During the conference, an appeal to Reb Avraham-Shaye to adjudicate gets rejected, but Reb Avraham-Shaye personally visits Rav Simkha, asking about Chaikl. Upon learning of Tsemakh's return as the penitent, he tells Rav Simkha that by ignoring his wife, he is not a penitent, and wants Rav Simkha to tell Tsemakh to return. In Nareva, in the rabbi's absence, Lohoysker becomes even more insulting, crashing an all-night Musar meeting. Yankl, having learned his Musar from the younger Tsemakh, makes life miserable for the trustee handling the free loans for widows, on the grounds that the trustee is uncaring and stingy. The trustee resigns, but no one else is willing to take on the job, leading the widows to protest and the yeshiva facing eviction from the congregation that houses it. Yankl also makes life miserable for Melechke since he is not into the Musar philosophy, and Melechke ends up running off without warning, abetted by Lohoysker. Rav Simkha returns, and per the congregation's demands, sends Yankl away to found a yeshiva to be run by Reb Duber, he soon announces success in Amdur. Meanwhile, Tsemakh breaks his policy of non-involvement and violently evicts Lohoysker. Rav Simkha has not yet decided whether to pass on Reb Avraham-Shaye's demand.

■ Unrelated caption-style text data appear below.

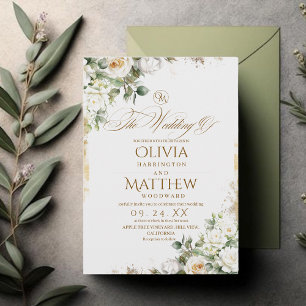 Convites Rosas Brancas Elegantes e Casamento Floral Dourado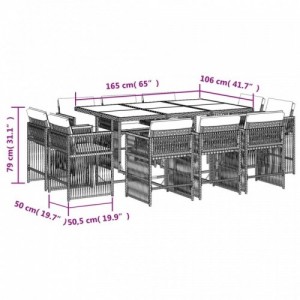 11 részes barna polyrattan kerti ülőgarnitúra párnákkal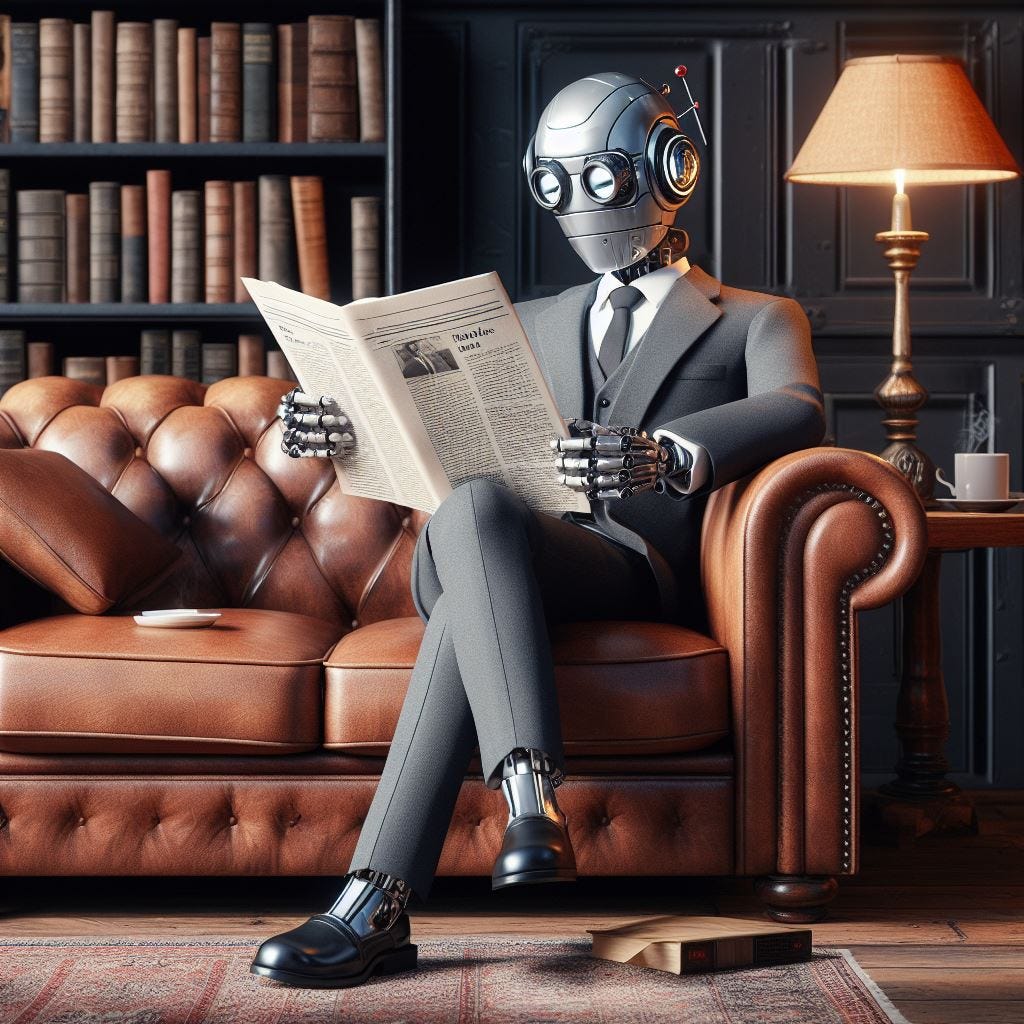 A robot in a suit reading the newspaper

In quick succession, one yeshiva student tries to commit suicide, Reb Duber finds himself in Amdur, with Yankl gone and most of the townspeople hostile. Yankl returns and uses Purim as an excuse to tastelessly and publicly insult the trustee, and one of the most beloved of the yeshiva students dies of his weak heart. Slava shows up, and scandalously receives Lohoysker and Chaikl as guests. Tsemakh is forced to leave with Slava, and takes Lohoysker and Chaikl with him. They leave for Vilna, and Tsemakh meets with Reb Avraham-Shaye, who convinces Tsemakh to stay with his wife and to go into business. Tsemakh becomes a quiet sort, although marital harmony is still elusive for him. Lohoysker discovers that he is trapped in the yeshiva world: not only does he have no other skills, he has no other interests, and so he becomes observant again. Chaikl too finds himself trapped, but not quite as strongly.

In the end, Reb Avraham-Shaye and his wife board a train, beginning their relocation to the Holy Land. Tsemakh and Chaikl watch the train leave, deeply aware that their future remains forever tied to the Kosover's influence.

==Reception==

Placing the action of his novel in the environs of Vilna, [Lithuania], after the First World War, Grade spins an alternately moody and volcanic tale which is not only breathtaking in its polychromatic effect, but which also gives visible evidence of the profound and compassionate understanding of man's vulnerability to his own instincts.
— Moshe Moskowitz, Judaism, Winter 1978, pp. 115-120

Those portions of the book that offer pictures of East European Jewish life seem a little heavy and slap-dash, lacking in novelistic finish, as if Grade were counting too much on the keyed-in responses of his Yiddish audience. But whenever the book turns to the inner life of Tsemakh, it comes entirely alive.